I wouldn’t want to help Microsoft rebuild a monopoly based on services rather than products, any more than I would Apple, Google, Amazon or Canonical. I don’t use FOSS for the free beer but for the freedom of choice. IBM made the transition from monopolist to open standards advocate very successfully. I’d like to see Microsoft do the same. I think they are perfectly capable of winning in a free market, even if they play fairly.
It’s not like that. Xamarin will work equally well with any back-end provider or service. The way I do stuff, it’s all REST anyway and I deliberately have no strong coupling between client and server.
It’s about the tooling - now that Xamarin is part of Microsoft it is easier to spin up Azure services and do end-to-end debugging from within the IDE. So it’s easier to prototype, and for Enterprise developers it would be a way to get functionality quickly.
Yes, that’s what I mean. Just as it ‘became easier’ to use Word rather than Wordperfect, and Excel rather than Lotus 1-2-3, and IE rather than Netscape, even though none of them were the best products. They integrated better, because Microsoft didn’t support connections to competitors products and legally protected their interfaces from competitors.
I’m not saying Azure isn’t the best product. I don’t know. I just like Microsoft better when they play nicely. They do sometimes but then they fall back to old habits so I can’t trust them, until it’s easier just to have nothing to do with them. They have to decide whether to be an IBM mainframe with MVS or an RS/6000 with AIX.
That’s a really interesting point. It makes me think that design decisions are sometimes made for semi-justifiable emotional reasons rather than exclusively technical ones. I’d add that this is not necessarily wrong - the likes of Microsoft will certainly have lost a lot of potential followers of their tech who will never be sure if their (ahem, alleged) anti-competitive practices have come to an end.
I mean, I enjoy software engineering, and I’d learn .net or Azure if it was the only way I could put food on the table with my tech skills. But I wonder if I feel like I am acquiescing to a corporate bully if I go in that direction, even if they’re now spotless. Oddly, I think exactly the same about Google, and they used to be regarded as a cheeky young upstart.
As Microsoft were the cheeky young upstarts when they outmanoeuvred IBM to sell MS-DOS to their competitors and slash PC prices for customers, while killing the Unix workstation market in the process.

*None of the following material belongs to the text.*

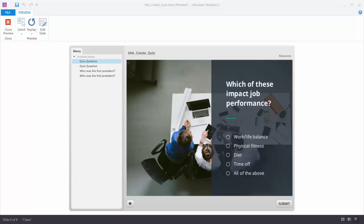In this tutorial we're going to learn how to create quiz questions in Articulate Storyline. One of the great things about Storyline is that creating quiz questions is really easy, and that once you've created your basic question you can go into Slide View and customize the look and feel of your quiz to match your course design.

I’ve also worked in enough large companies to know a company doesn’t have an opinion. There will be competing internal factions, fighting to shape the company in their own image. There will be Open idealists trying to change the company and wizened old market executives whispering in accountants’ ears that they could double profits within 3 months and it’s what Bill would do.

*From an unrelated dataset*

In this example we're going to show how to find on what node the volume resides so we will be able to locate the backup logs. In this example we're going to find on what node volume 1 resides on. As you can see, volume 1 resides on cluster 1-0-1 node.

I just spent 2 days at Microsoft’s Future Decoded conference down in London. We live in interesting times.
Fascinating to see what has changed dramatically and what is the same as always…
Isn’t that a sad little boy, desperately trying to cling to the top of the tree to show how big he is?

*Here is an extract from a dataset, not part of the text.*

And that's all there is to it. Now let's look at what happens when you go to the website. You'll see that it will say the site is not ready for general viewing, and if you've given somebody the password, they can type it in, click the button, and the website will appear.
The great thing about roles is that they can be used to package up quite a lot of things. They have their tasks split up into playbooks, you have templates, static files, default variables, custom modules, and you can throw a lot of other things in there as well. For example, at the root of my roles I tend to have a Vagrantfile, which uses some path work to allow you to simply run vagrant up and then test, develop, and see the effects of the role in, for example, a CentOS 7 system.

I like Bill Gates a lot more since he realised he had enough money and there were better ways to prove that than how many toys you have.
Had a long discussion about his after HydraHack last night with @sil - I think the consensus was that that the attitude at the top of microsoft has changed dramatically for the better. The people doing the work are sensible and have the right intentions as they pretty much always have been. But in the middle there is still a “big wall of blancmange” that hasn’t changed.